╭─ Given records

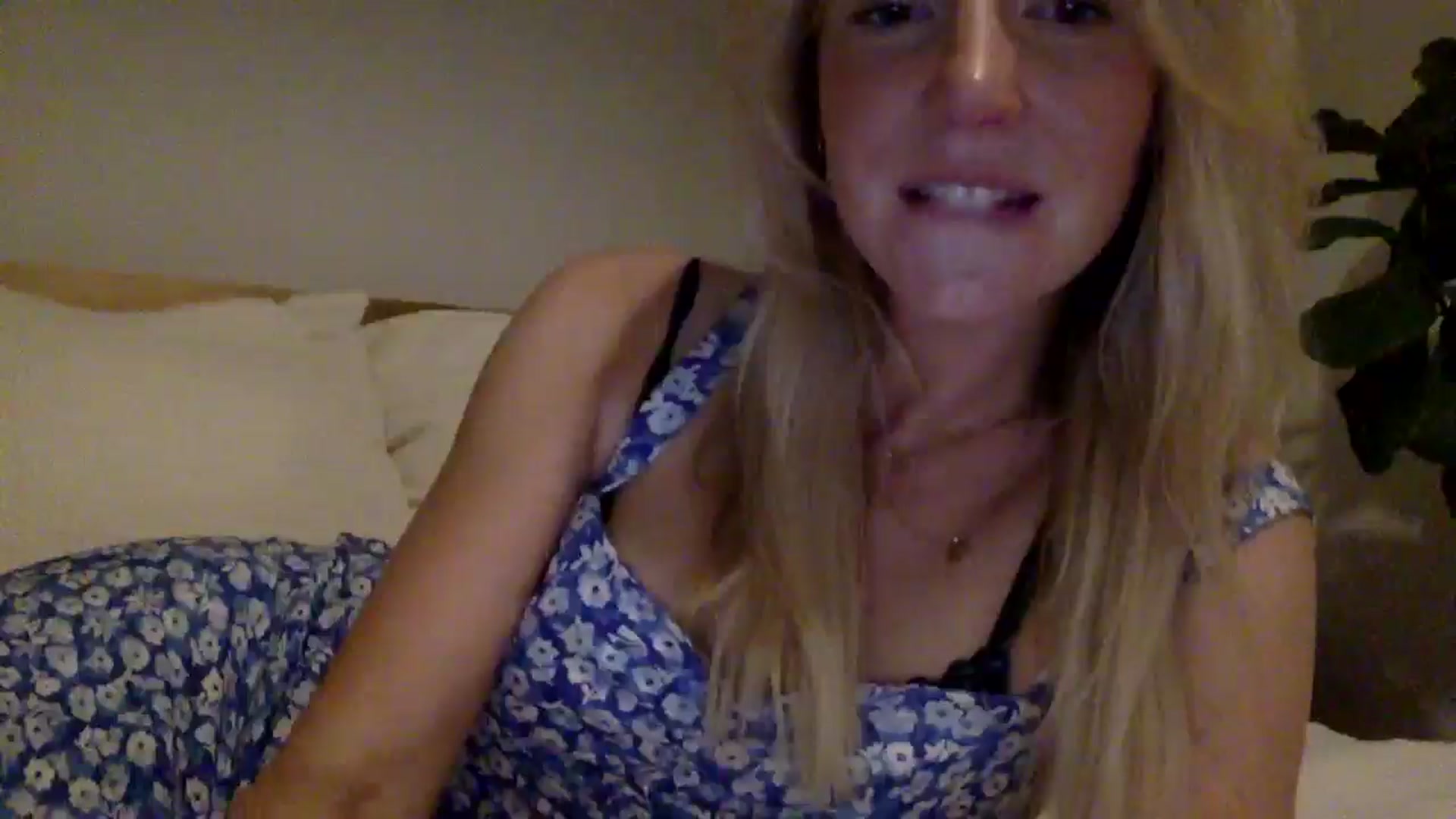 Shelzstar video thumbnail
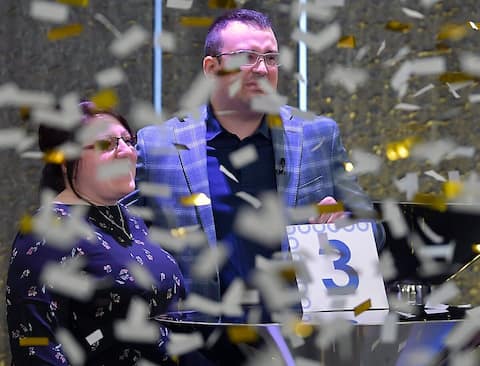 Un chiffre chanceux lui rapporte le gros lot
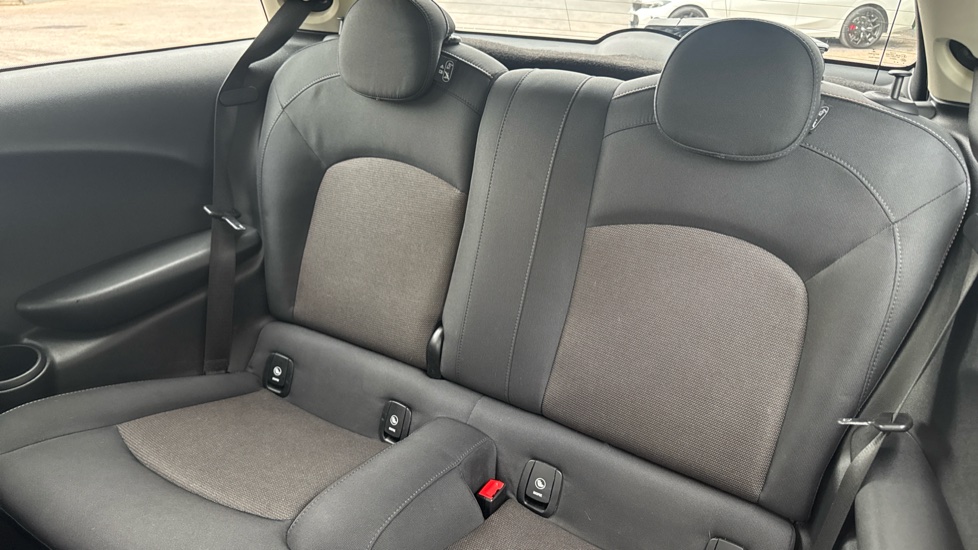 MINI Hatchback 1.5 Cooper 3dr Petrol Hatchback - Image 12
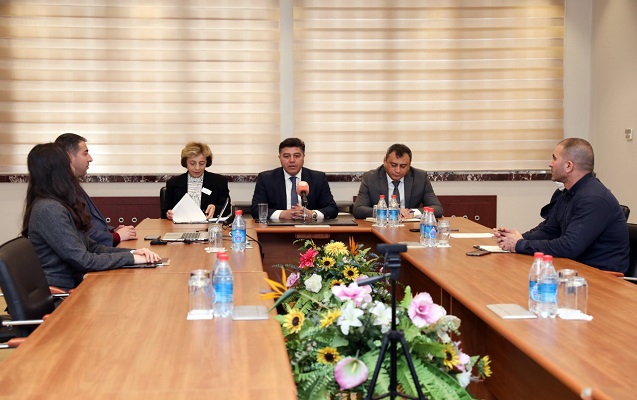 bayram-gunlerinde-azeriqaza-14-minden-cox-muraciet-daxil-olub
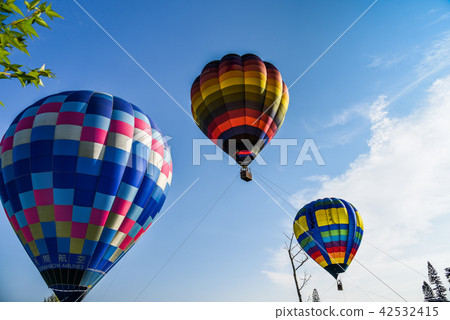 Shimen Reservoir Hot Air Balloon 42532415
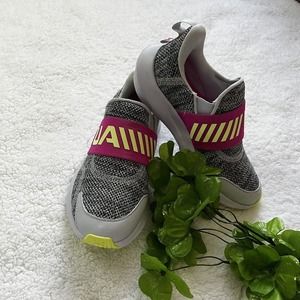 Under Armour Sneakers Girls Kids Youth Size 4.5 pink Gray Outhustle Tennis Shoes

╰─

What you will do. Your copy should hold exactly and only the lines from the one containing "Shimen Reservoir Hot Air Balloon 42532415" through the end of the material, inclusive, repeated word for word and without pictures.

Reply.
 Shimen Reservoir Hot Air Balloon 42532415
 Under Armour Sneakers Girls Kids Youth Size 4.5 pink Gray Outhustle Tennis Shoes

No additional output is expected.